The transaction would give Philip Morris roughly 58 per cent ownership of the new company, with Altria holding the rest, according to a person familiar with the terms who asked not to be identified because the details haven’t been made public.
They are considering a no-premium deal based on the companies’ closing share prices on August 23, according to the person. The companies would aim to close the deal within six months and expect to make no divestitures, the person said.
There’s been speculation that the companies might get back together. On Monday, Wells Fargo published a research note that said a deal could make sense now, in part because Altria has a stake in the vaping company Juul.
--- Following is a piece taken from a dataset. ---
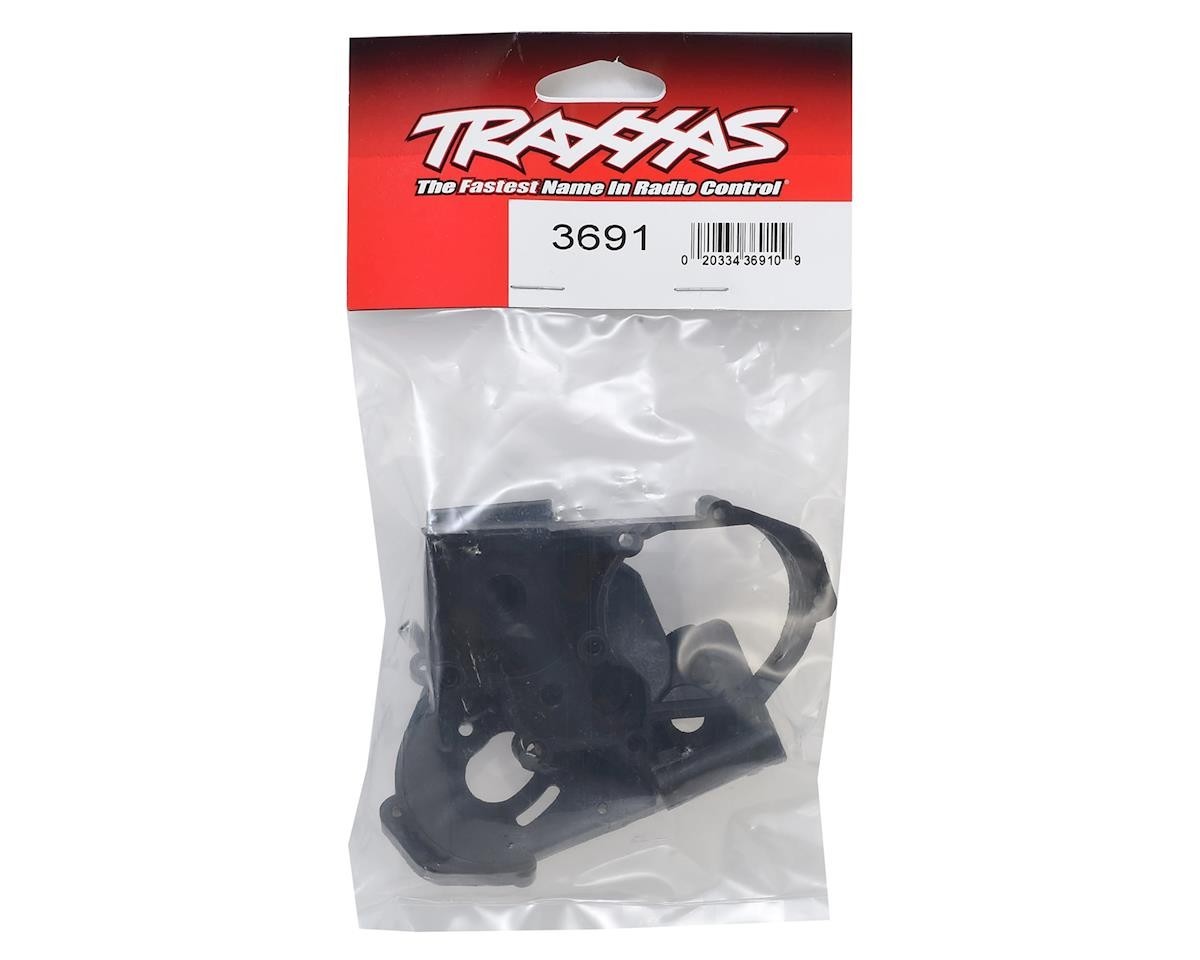Traxxas TRA3691 Gearbox Halves Left Right w/ Idler Shaft Slash Rustler Stampede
A reunification would combine two of the most popular smoking alternative products: IQOS and Juul. Philip Morris has been plowing billions of dollars in promoting IQOS, a heat-not-burn product used by millions consumers outside the US. Altria meanwhile has invested $US12.8 billion in e-cigarette upstart Juul, which has catapulted itself to the US industry leader in smoking alternatives in just a few years.
Altria also has been planning to start selling IQOS in the US this year, testing out demand in the Atlanta area with a store opening next month.
Philip Morris said in a statement that no agreement has been formally reached and any deal would be subject to board, shareholder and regulatory approval. Altria also issued a statement confirming the talks.
Like Hollywood, which has been churning out films based on blockbusters of decades past, Wall Street bankers seem to be running out of new ideas. Earlier this month, CBS agreed to reunite with Viacom in an $US11.7 billion transaction, 13 years after the two media giants split.
Analysts were largely positive on a potential tie-up between Altria and Philip Morris after speculation Monday afternoon that something was brewing. RBC Capital Markets analyst Nik Modi saw several strategic reasons for a deal, including geographic alignment with international competitors and full economic benefit of IQOS in the US and global access for Juul.
“The potential to reunite the companies has been often discussed, but we did not believe this would occur given the heavy regulatory burden in the US market and its weakening growth profile,” Stifel analyst Chris Growe said in a note. “Perhaps the FDA’s approval of IQOS changed that thinking.”
The tie-up would face little antitrust risk because the companies’ brands don’t compete in the same markets, said Kenneth Shea, an analyst at Bloomberg Intelligence. That contrasts with the last major tobacco deal: Reynolds American’s 2015 takeover of Lorillard. The Federal Trade Commission, which reviews tobacco deals, required Reynolds to sell four brands to Imperial Tobacco Group to resolves antitrust concerns.
One area of likely scrutiny would be the combined company’s control of the vaping market, said Shea, given Altria’s 35 per cent stake in Juul and its agreement to sell IQOS in the US for Philip Morris.
“Depending on how regulators define the vapour market, there could be potential for perceived excessive control,” he said.